> [Task prompt] Extract the lines from the first one in the records below through the line containing "202509061214-DSC_1066_c2", keeping both ends and leaving out any pictures.

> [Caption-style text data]
━━━━━━
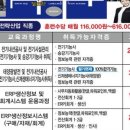 서남직업전문학교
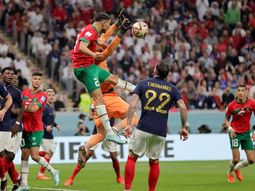 bombazo: cual es la seleccion protagonista en la copa del mundo que se quedo sin dt a meses del certamen bombazo: cual es la seleccion protagonista en la copa del mundo que se quedo sin dt a meses del certamen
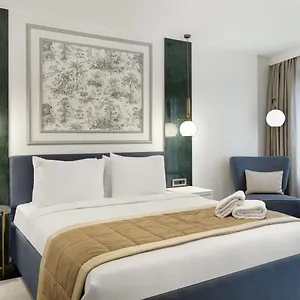 Otel Pera Rasso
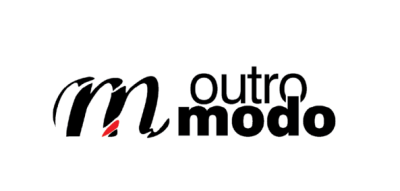 Outro Modo Cooperativa Cultural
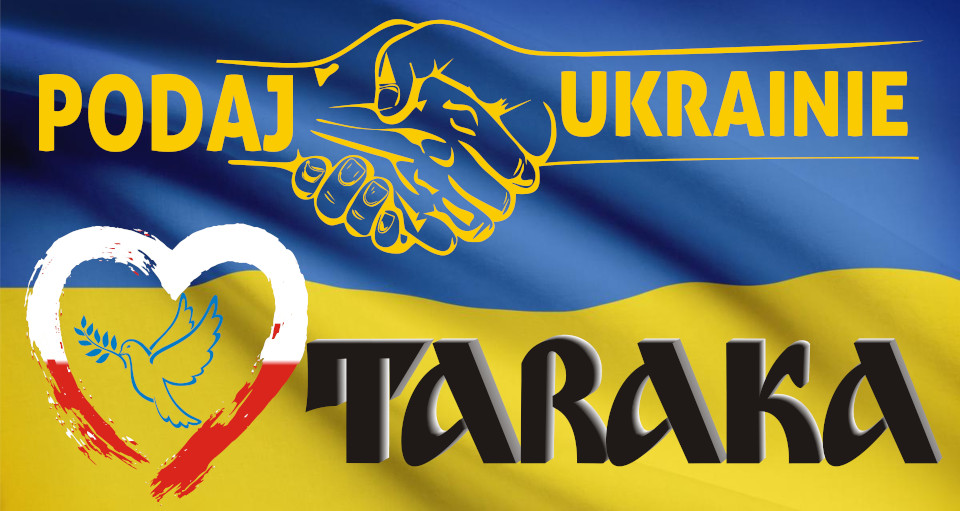 Taraka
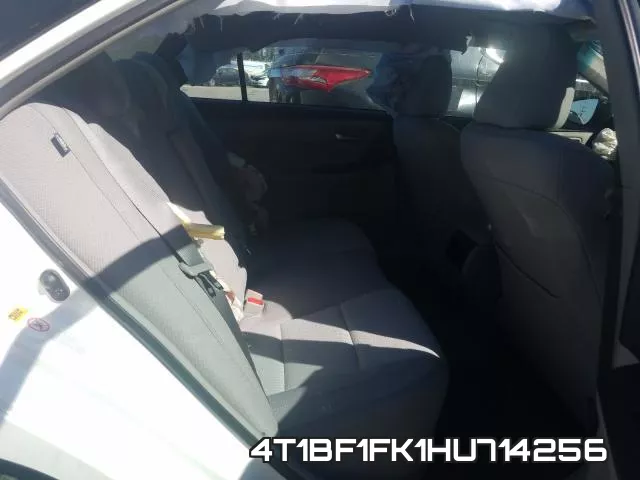 4T1BF1FK1HU714256_6.webp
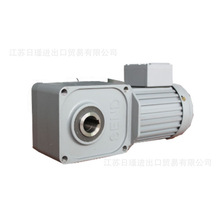 ɽ��SEND DRIVE�p��늙C SZG22H-400W-100-S3-L-Z-F-J �h�r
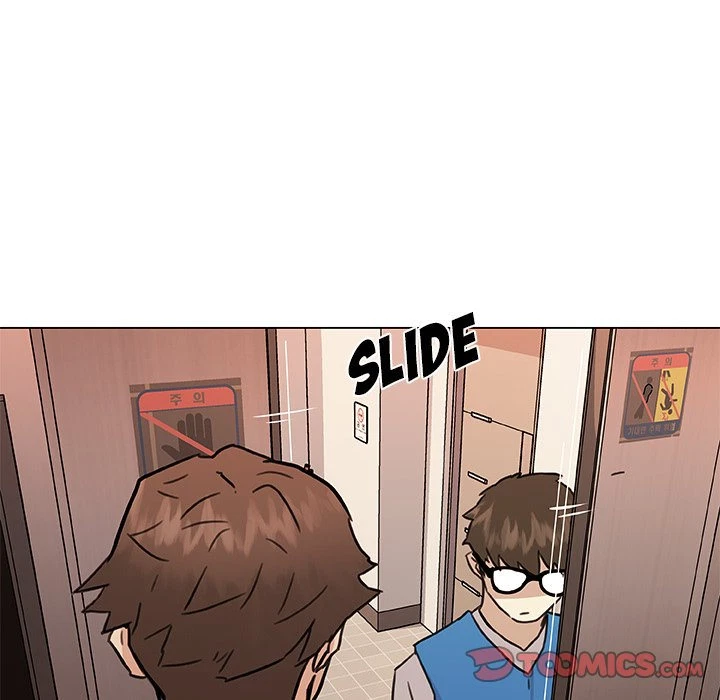 Chapter 59, page 9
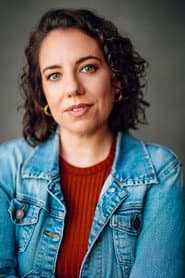 Ashley Alvarez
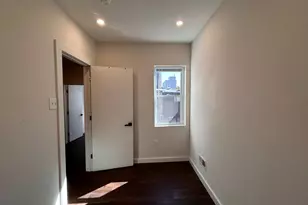 2319 N Hancock St, Philadelphia, PA 19133 - Photo 13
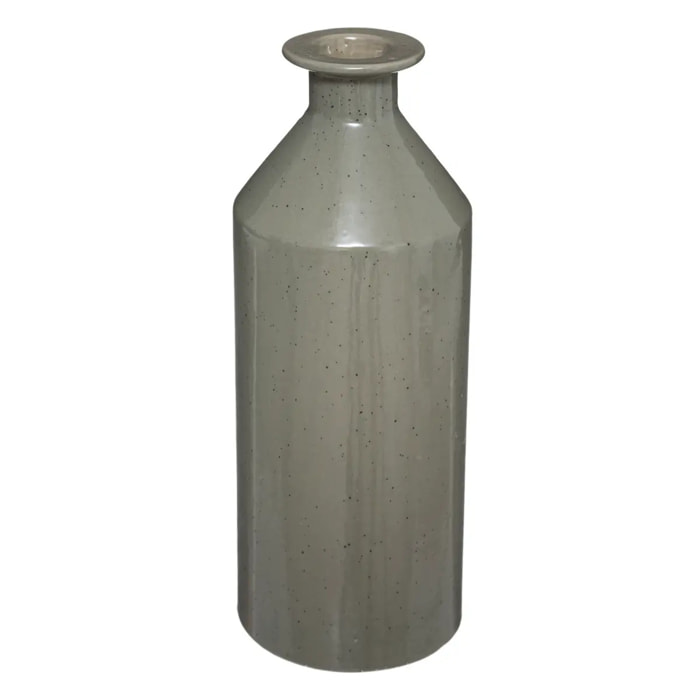 Vase "Wonder" céramique H22cm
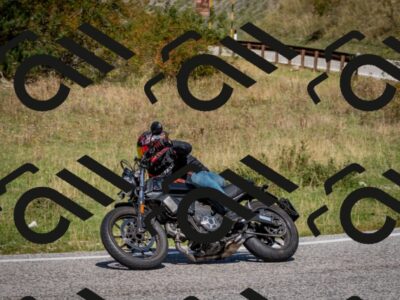 202509061214-DSC_1066_c2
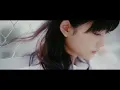 MY FIRST STORY -Missing You-【Official Video】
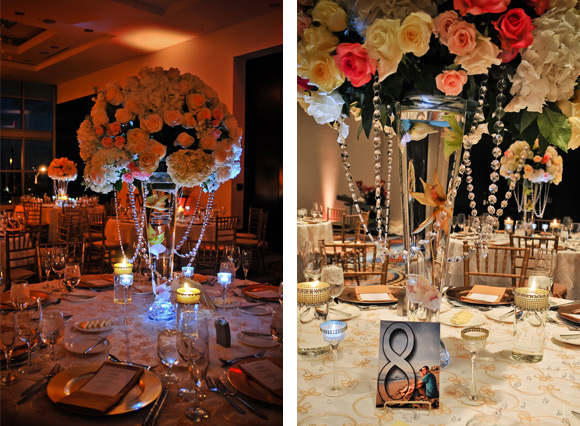 real-weddings-|-miami-beach,-fl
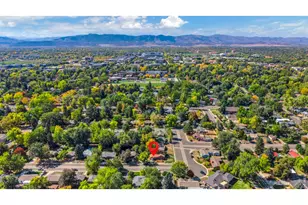 5 Circle Dr, Fort Collins, CO 80524 - Photo 47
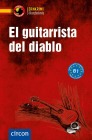  El guitarrista del diablo. Spanisch B1
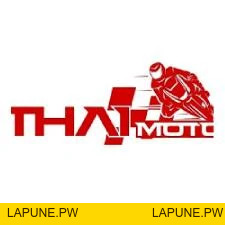 Trang chủ - Xe điện Vivu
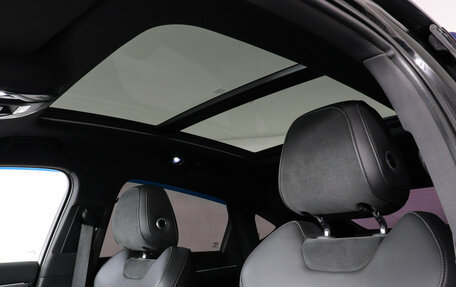 Geely Tugella FY11, 2023 год, 3 150 000 рублей, 20 фотография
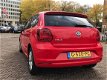 Volkswagen Polo - 1.0 Easyline Airco - 1 - Thumbnail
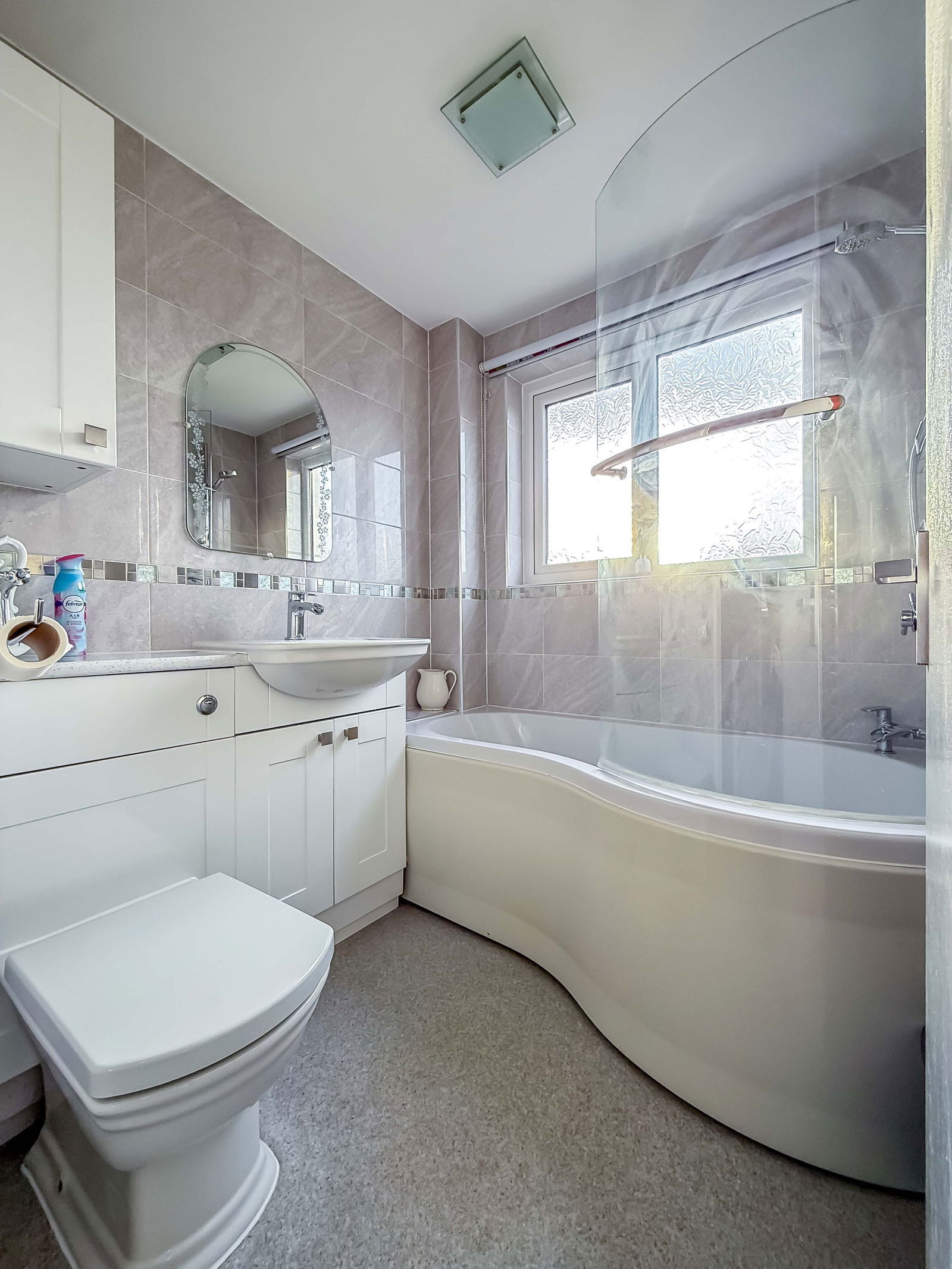 Seaton Way, Southport, PR9 9GJ Image 12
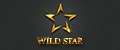 Аналитика бренда Wild Star на Wildberries
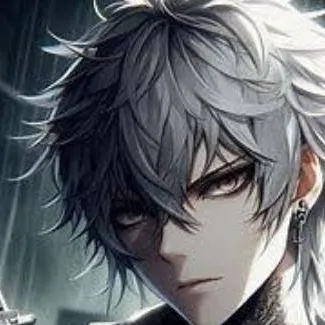chat with ai character: kai
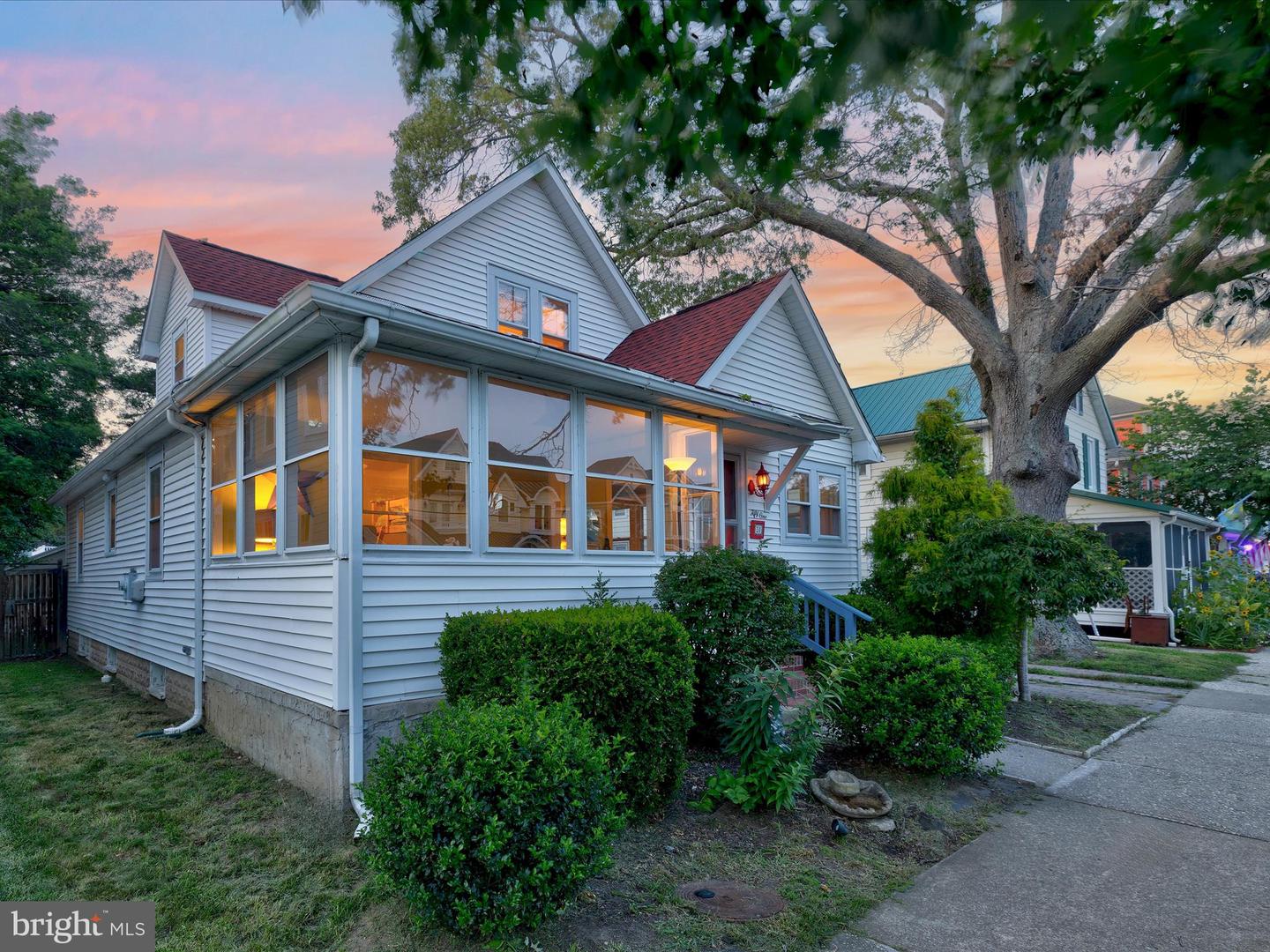 DESU2091132-804035593614-2025-07-24-14-29-40 51 Maryland Ave | Rehoboth Beach, DE Real Estate For Sale | MLS# Desu2091132  - Jack Lingo REALTOR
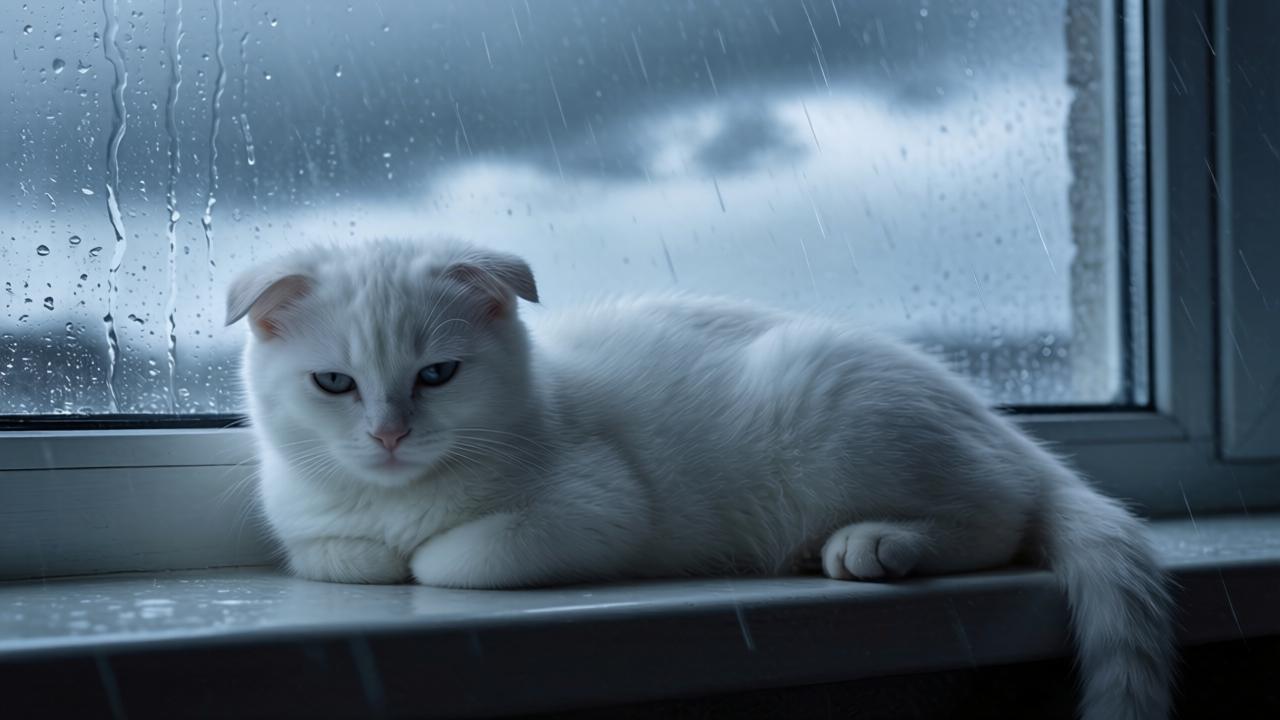 国务院取消10项“物流相关”行政许可事项第一张图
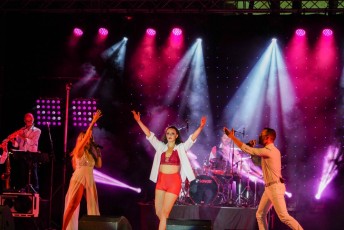 concert joyce jonathan_beaucaire-100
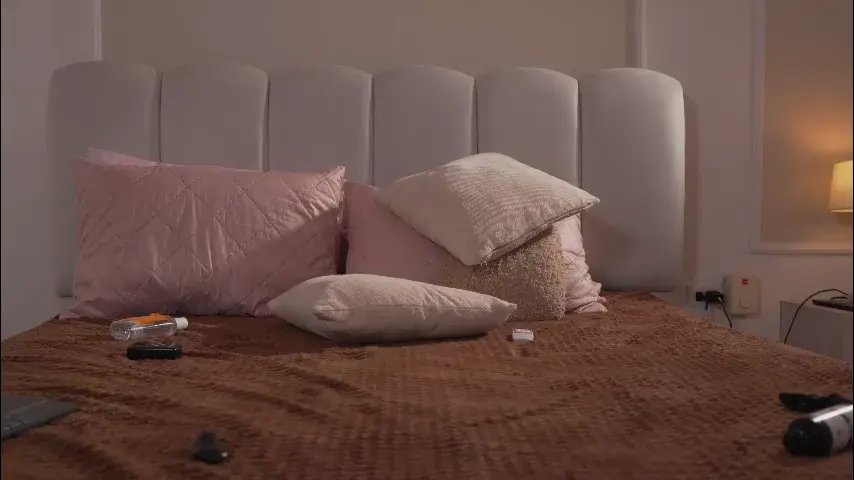ashley_ospino
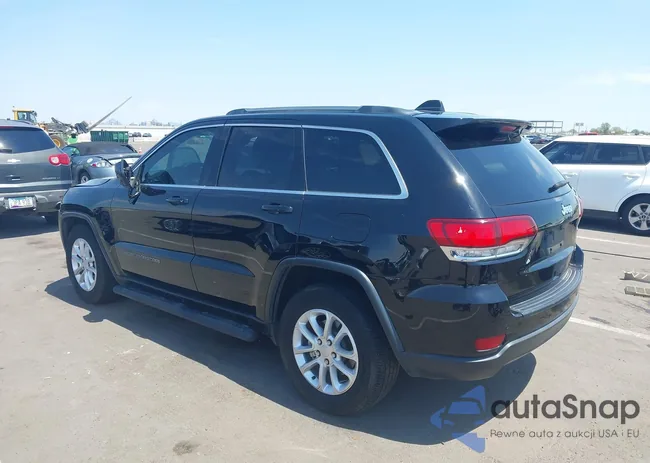 1C4RJEAG1MC814188: 43066216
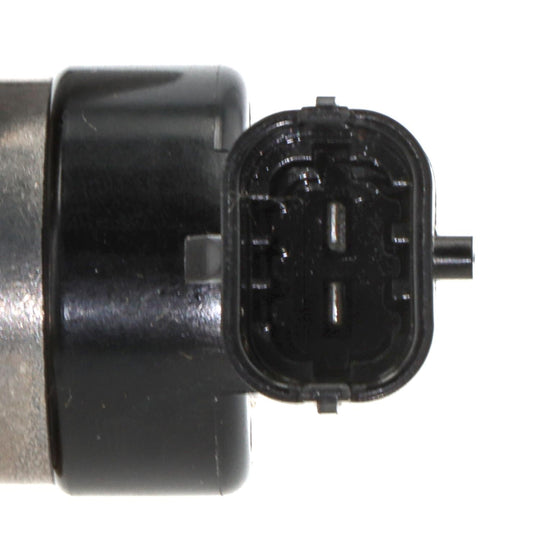 GDP759 Standard Ignition Direct Injection High Pressure Fuel Pump Standard Ignition Canada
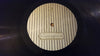 M. Ward : Duet For Guitars #2 (LP, Album, Ltd, RE)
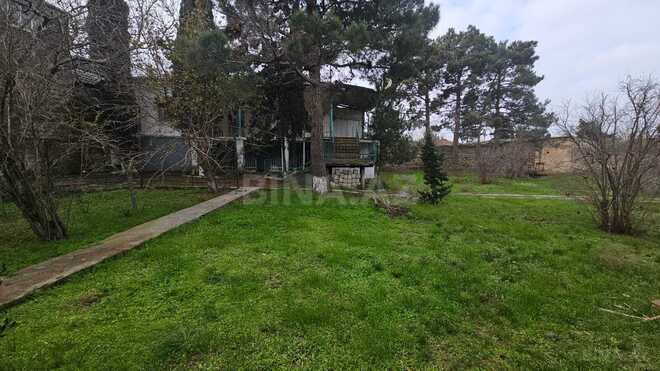 Satılır  torpaq 18 sot, Mərdəkan q., photo 7 from 11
━━━━━━
> [Problem solution]
 서남직업전문학교
 bombazo: cual es la seleccion protagonista en la copa del mundo que se quedo sin dt a meses del certamen bombazo: cual es la seleccion protagonista en la copa del mundo que se quedo sin dt a meses del certamen
 Otel Pera Rasso
 Outro Modo Cooperativa Cultural
 Taraka
 4T1BF1FK1HU714256_6.webp
 ɽ��SEND DRIVE�p��늙C SZG22H-400W-100-S3-L-Z-F-J �h�r
 Chapter 59, page 9
 Ashley Alvarez
 2319 N Hancock St, Philadelphia, PA 19133 - Photo 13
 Vase "Wonder" céramique H22cm
 202509061214-DSC_1066_c2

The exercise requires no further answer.